Adattato dal fumetto “La Grande Odalisca” di Bastien Vivès, Le ladre di Mélanie Laurent è, più che un buon film di spionaggio, un ottimo racconto di un’amicizia femminile. Con Laurent stessa nei panni di una simil Bond girl da un passato misterioso, Adèle Exarchopoulos come la sua spalla e controparte vulcanica e Manon Bresch nel ruolo della novellina da formare, Le ladre funziona e appassiona non certo per la trama (decisamente banale) ma in virtù delle sue attrici e della fresca vitalità dei loro personaggi (la coppia Laurent/Exarchopoulos), inquadrate tra lo stereotipo spy e il ritratto personale con un’ironia e una dolcezza che superano ogni pretesa di trama.

La storia (scritta da Cédric Anger, Christophe Deslandes e Jérôme Mulot) non potrebbe essere più tipica: due ladre professioniste specializzate nel furto di diamanti decidono di smettere con i rischi di quella vita per provare a essere “normali”, ma la loro cattiva madrina (Isabelle Adjani) mette loro i bastoni fra le ruote. Convinte a fare un ultimo grande colpo, Carole ed Alex e la nuova alleata Sam daranno il tutto per tutto per provare ad essere libere.

La volontà di riscatto guidata dall’obiettivo di diventare comuni è una delle caratteristiche più ricorrenti dello spy/action, genere giocato sulla performatività del fisico quanto sui dilemmi morali di un’identità divisa tra due stili di vita. Le ladre gioca su questo terreno facendo piuttosto goffamente la parte performativa (le scene di inseguimento e di azione vera e propria sono lente, poco dinamiche, poco inventive) ma compensando alla grande con il bel dualismo che crea tra donne altamente funzionali sul lavoro quanto sensibili, problematiche e sentimentalmente deboli nel privato. Si tratta di una contraddizione che sta solo nei termini e che Le ladre tira fuori dallo stereotipo narrativo (o si è forti o si è sensibili) a favore di una femminilità raccontata nelle sue dinamiche relazionali, come forza di gruppo dove ogni singolo carattere aggiunge qualcosa ma necessita delle compagne per arrivare al suo massimo potenziale.

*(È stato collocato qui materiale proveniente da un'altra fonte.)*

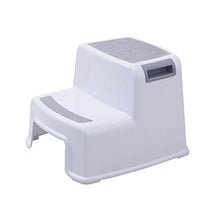 DXXWANG Step Sgabello Sgabello per Scarpe Poggiapiedi Sgabello Basso Sgabello per Bambini,Leggero Antiscivolo Plastica Soggiorno Bagno Camera da Letto Giardino Bagno/Verde / 32×36×26cm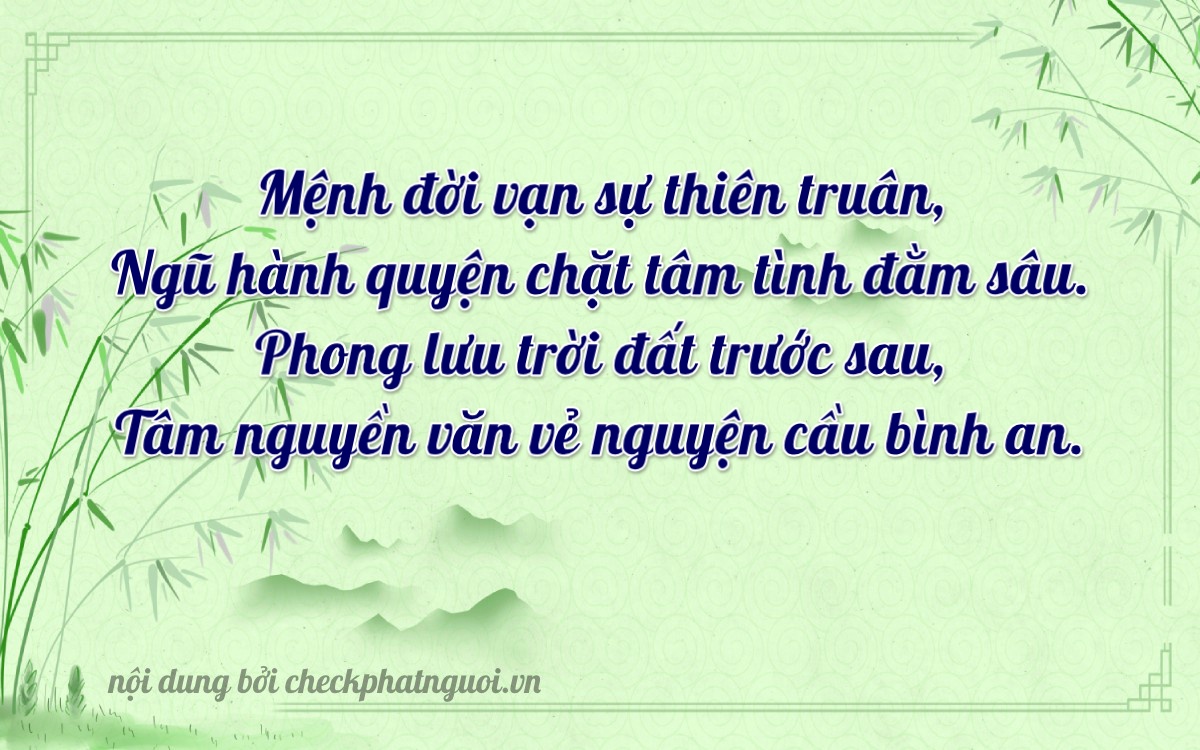 Bài thơ ý nghĩa cho <b>biển số 90A-26905</b> tại website checkphatnguoi.vn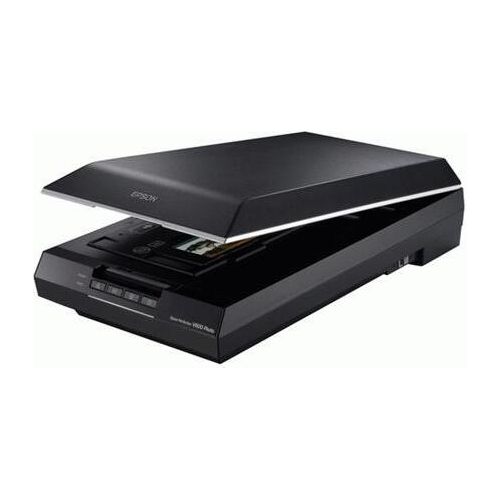Epson Perfection V600 Flachbettscanner - 6400 dpi Optische Auflösung - 48-bit Farbtiefe - 16-bit Graustufen - USB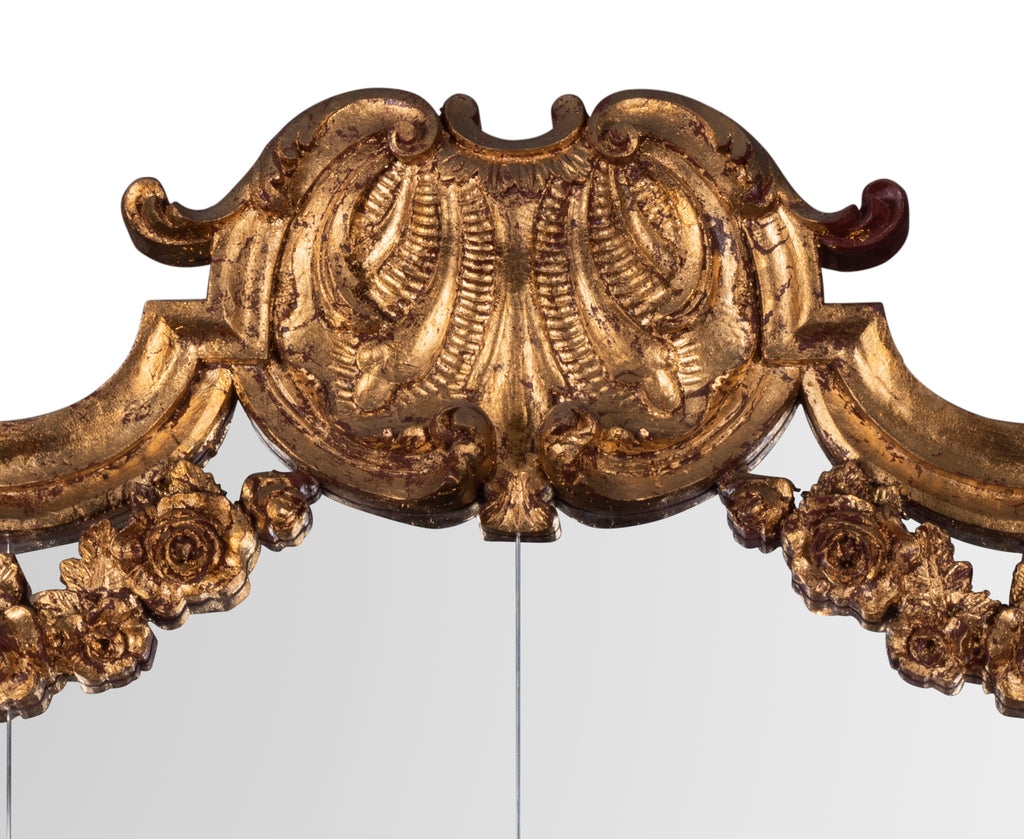 A Large Impressive Gilt-wood Salon Mirror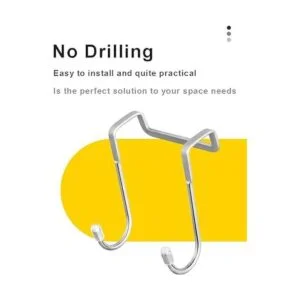 Envibe Ganchos para puerta de ducha ganchos de gabinete_7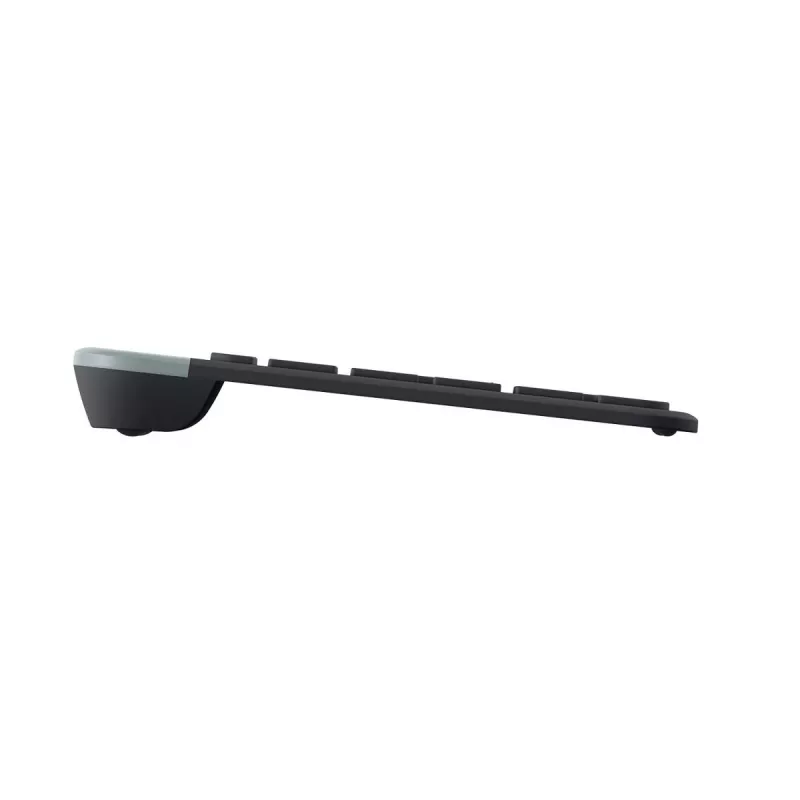 LOGITECH MK470 belaidė klaviatūra ir pelė – kompaktiškas rinkinys (grafitas, AZERTY belgų išdėstymas)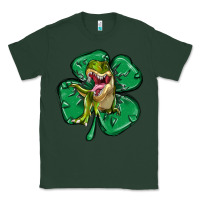 Sports Green dinosaur st patricks day Classic Tee - MaliasSmallBusiness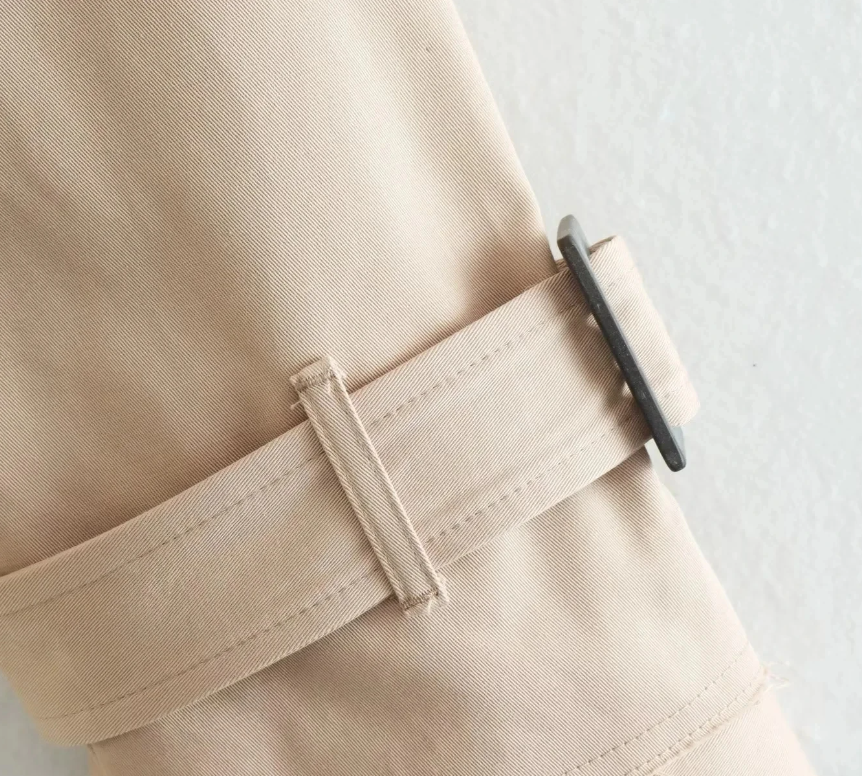 Classic Long Sleeve Cropped Trench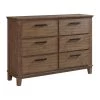 Grey Jaxon 6-Drawer Dresser by Picket House Furnishings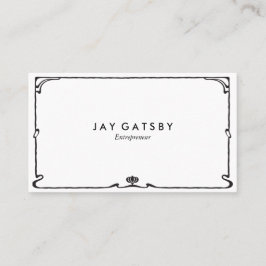 Cartão De Visita Art deco clássico/arte Nouveau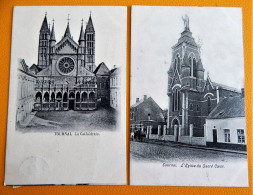 TOURNAI   -  Lot De 3 Cartes : Cathédrale , Intérieur De La Cathédrale, L'Eglise Du Sacré Coeur - Tournai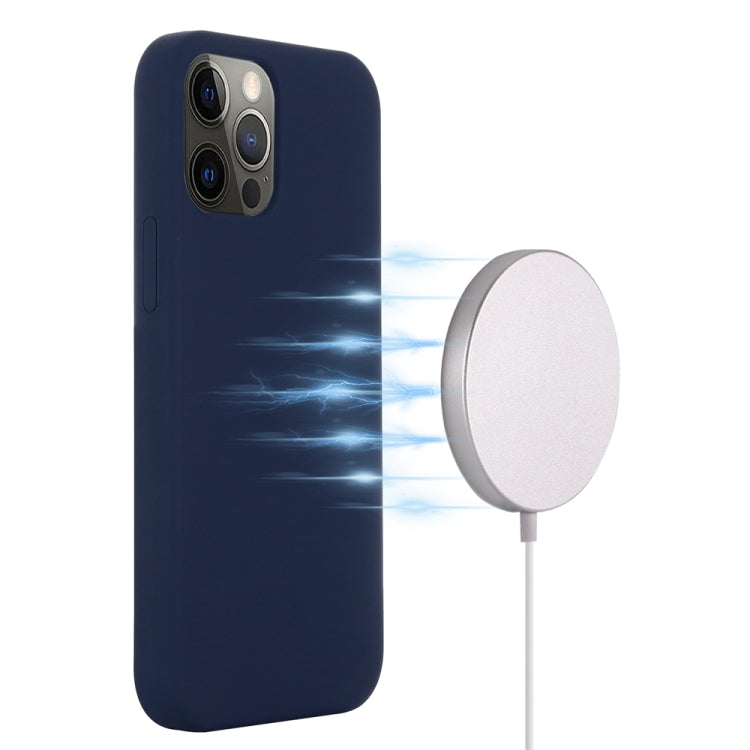 For iPhone 15 Pro Max Shockproof Silicone Magsafe Phone Case(Navy Blue) - HoMEdemic™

Il dilemma identitario di Le ladre è, in questo senso, una carta falsa: loro sanno già chi vogliono essere, ciò che le divide dall’obiettivo è il mero percorso, l’ostacolo è pratico e ha spesso sembianze maschili. Gli uomini sono in Le ladre “pupazzi “che servono ad evidenziare i tratti delle protagoniste, sono funzioni narrative o avversari da battere ma mai bersagli retorici. Alex, anzi, alterna la sua freddezza da cecchino con un desiderio sfrenato di innamorarsi, di essere debole, per cui la presenza maschile è essenziale. Ad ogni modo il villain è una donna, la vera battaglia si gioca tra di loro - il resto è accessorio.

Le ladre trova quindi il suo equilibrio e il suo senso nelle continue e piccole variazioni che innesta nella struttura tipica del genere: molto più nei personaggi e nel tema che nella trama (guidata dal solo conflitto esterno, perché le protagoniste sanno già chi sono e cosa vogliono fin dall’inizio - devono solo ottenerlo), il film di Laurent propone una buona variazione sul tema della retorica bondiana, creando un suo piccolo universo che, volendo, si apre alla serializzazione.